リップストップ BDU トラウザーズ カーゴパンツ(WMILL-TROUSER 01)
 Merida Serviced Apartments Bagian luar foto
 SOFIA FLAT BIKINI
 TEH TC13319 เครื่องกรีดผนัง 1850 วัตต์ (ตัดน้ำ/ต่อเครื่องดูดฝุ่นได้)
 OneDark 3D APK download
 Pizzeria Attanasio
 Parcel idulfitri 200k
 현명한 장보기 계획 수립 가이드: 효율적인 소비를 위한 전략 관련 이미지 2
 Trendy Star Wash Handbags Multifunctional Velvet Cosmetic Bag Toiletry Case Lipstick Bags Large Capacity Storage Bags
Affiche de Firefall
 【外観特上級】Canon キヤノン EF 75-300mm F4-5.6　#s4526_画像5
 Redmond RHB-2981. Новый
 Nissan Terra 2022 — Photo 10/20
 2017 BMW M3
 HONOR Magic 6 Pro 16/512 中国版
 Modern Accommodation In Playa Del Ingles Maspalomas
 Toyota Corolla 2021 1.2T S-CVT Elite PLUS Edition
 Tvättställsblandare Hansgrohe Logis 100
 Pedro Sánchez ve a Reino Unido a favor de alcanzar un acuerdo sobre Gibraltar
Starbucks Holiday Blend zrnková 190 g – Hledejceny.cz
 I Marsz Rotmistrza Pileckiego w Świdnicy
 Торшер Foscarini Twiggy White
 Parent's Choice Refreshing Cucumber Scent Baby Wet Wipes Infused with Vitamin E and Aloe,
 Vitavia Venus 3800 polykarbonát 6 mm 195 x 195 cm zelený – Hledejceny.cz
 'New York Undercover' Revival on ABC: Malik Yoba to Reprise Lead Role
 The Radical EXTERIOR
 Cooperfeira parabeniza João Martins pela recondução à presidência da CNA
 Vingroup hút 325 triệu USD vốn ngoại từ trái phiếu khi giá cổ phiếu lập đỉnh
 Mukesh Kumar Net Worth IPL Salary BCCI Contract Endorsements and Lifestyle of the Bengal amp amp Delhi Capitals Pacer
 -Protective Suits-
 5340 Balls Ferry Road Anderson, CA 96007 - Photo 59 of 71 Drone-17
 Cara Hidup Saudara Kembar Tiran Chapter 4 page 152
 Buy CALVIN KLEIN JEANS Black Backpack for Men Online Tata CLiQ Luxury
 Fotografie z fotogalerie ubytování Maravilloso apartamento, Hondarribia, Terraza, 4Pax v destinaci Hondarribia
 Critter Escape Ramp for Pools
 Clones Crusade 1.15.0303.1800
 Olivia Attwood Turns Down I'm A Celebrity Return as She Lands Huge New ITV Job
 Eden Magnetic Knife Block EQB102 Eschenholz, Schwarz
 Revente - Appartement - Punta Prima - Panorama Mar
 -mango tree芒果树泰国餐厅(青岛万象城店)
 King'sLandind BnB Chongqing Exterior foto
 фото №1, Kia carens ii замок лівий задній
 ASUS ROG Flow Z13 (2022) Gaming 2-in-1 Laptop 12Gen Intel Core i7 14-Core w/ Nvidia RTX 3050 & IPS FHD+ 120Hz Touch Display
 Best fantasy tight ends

▶ Exercise
State the number of lines in the records that hold the string "Photo", and add nothing.

▶ Written answer
2